Drupal and Search Engine Optimization

Drupal is known for being a very SEO friendly content management system (CMS). The way it assembles its pages is crawler friendly. This makes it a popular choice for people looking to build dynamic web sites. However, there are a number of potential SEO problems with Drupal as well. These need to be dealt with to ensure that you get optimal results.

The very fact that Drupal is such a dynamic system is a factor that leads to some of its SEO problems. The content is stored in a database and retrieved at runtime. Almost all information is stored as a “node”, a basic, unstructured unit of content. Often, each “node” is associated with groups of keywords, known as “taxonomies”, and Drupal makes it easy to retrieve and sort information by these taxonomies. Since all content can be retrieved dynamically, Drupal generates generic URLs for the content, such as www.example.com/?q=node/3 or www.example.com/node/3.

These “internal” URLs are always present in Drupal, even though Drupal provides features that allow you to hide them, and instead present much friendlier URLs, known as aliases, to web site users. There are multiple optional modules that may affect the generation of pages and the naming of URLs, and there are many modules that remain aware of the internal naming conventions, even when user-friendly URLs are being used. As a result Drupal may expose both the internal URLs and the user-friendly URLs to users and web crawlers.

As a result of these kinds of architectural issues, many Drupal sites end up exposing content to the web via multiple URLs. When this happens, the multiple URLs can be crawled by the search engines, creating duplicate content problems. Here are some examples of duplicate content issues, and some other problems that can arise in drupal.

1.Problem: duplicate content from aliases

Example: www.example.com/node/5 and www.example.com/content/how-to-surf, both pointing at the same physical document.

Solution: use robots.txt to disallow URLs that include “/node/” For example, you can include the following lines in robots.txt:Disallow: /node

Disallow: /*/node/Considerations: Note that this assumes that all URLs are available via friendly aliases.

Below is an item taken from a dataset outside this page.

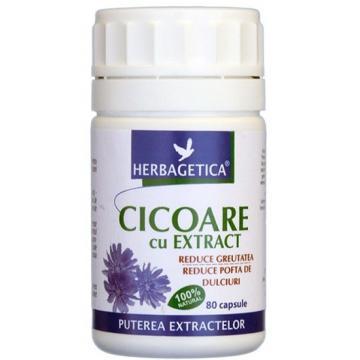 Cicoare Extract *80cps - Pret | Preturi Cicoare Extract *80cps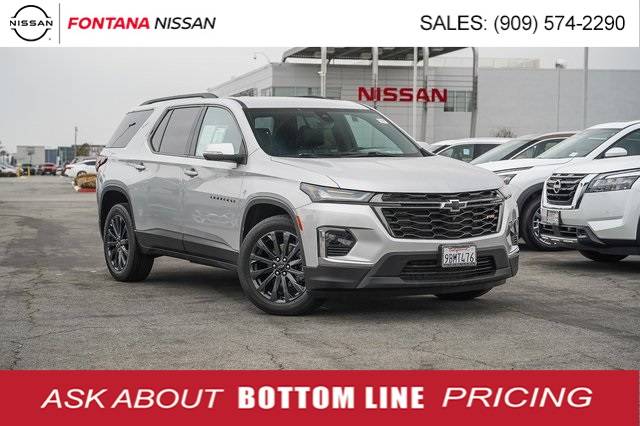 2022 Chevrolet Traverse RS — SUV — 24,899 mi — Fontana, CA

This should be the case if you’re using the pathauto module.>[?

2. Problem: Drupal’s default robots.txt has errors.

Example: the default robots.txt uses “Disallow: /search”. This disallows only a page ending with /search, but not all of the Drupal internal search results pages, which is desired.

Solution: update the robots.txt to read:Disallow: /search/

3. Problem: Pathauto can create many extra pages on the site if configured incorrectly.

Example: If you turn on “Create index aliases”, and you have a hiearchical alias (e.g., a page with a path containing a slash, such as music/concert/beethoven) Drupal automatically generates index pages that contain all pages in each category — for example all music, and all concerts.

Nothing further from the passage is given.